──────── Task input ────────

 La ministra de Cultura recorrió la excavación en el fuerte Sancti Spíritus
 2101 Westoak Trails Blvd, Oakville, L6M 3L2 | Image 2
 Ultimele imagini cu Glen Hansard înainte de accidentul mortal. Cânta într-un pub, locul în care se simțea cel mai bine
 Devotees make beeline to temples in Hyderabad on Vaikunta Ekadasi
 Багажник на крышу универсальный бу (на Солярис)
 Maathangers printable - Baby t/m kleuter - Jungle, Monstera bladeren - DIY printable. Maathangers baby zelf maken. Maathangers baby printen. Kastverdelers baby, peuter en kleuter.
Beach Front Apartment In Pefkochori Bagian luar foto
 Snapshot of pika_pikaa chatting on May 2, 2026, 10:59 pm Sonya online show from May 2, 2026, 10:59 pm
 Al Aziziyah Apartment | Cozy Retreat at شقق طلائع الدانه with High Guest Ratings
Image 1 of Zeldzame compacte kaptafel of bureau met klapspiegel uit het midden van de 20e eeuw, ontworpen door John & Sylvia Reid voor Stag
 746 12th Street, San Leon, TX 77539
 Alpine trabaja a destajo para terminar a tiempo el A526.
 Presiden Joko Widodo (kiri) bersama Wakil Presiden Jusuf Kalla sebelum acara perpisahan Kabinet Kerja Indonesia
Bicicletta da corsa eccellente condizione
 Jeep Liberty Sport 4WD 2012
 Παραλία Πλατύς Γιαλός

────────

◆ Exercise brief: Copy every line above exactly.

◆ Answer box:
 La ministra de Cultura recorrió la excavación en el fuerte Sancti Spíritus
 2101 Westoak Trails Blvd, Oakville, L6M 3L2 | Image 2
 Ultimele imagini cu Glen Hansard înainte de accidentul mortal. Cânta într-un pub, locul în care se simțea cel mai bine
 Devotees make beeline to temples in Hyderabad on Vaikunta Ekadasi
 Багажник на крышу универсальный бу (на Солярис)
 Maathangers printable - Baby t/m kleuter - Jungle, Monstera bladeren - DIY printable. Maathangers baby zelf maken. Maathangers baby printen. Kastverdelers baby, peuter en kleuter.
Beach Front Apartment In Pefkochori Bagian luar foto
 Snapshot of pika_pikaa chatting on May 2, 2026, 10:59 pm Sonya online show from May 2, 2026, 10:59 pm
 Al Aziziyah Apartment | Cozy Retreat at شقق طلائع الدانه with High Guest Ratings
Image 1 of Zeldzame compacte kaptafel of bureau met klapspiegel uit het midden van de 20e eeuw, ontworpen door John & Sylvia Reid voor Stag
 746 12th Street, San Leon, TX 77539
 Alpine trabaja a destajo para terminar a tiempo el A526.
 Presiden Joko Widodo (kiri) bersama Wakil Presiden Jusuf Kalla sebelum acara perpisahan Kabinet Kerja Indonesia
Bicicletta da corsa eccellente condizione
 Jeep Liberty Sport 4WD 2012
 Παραλία Πλατύς Γιαλός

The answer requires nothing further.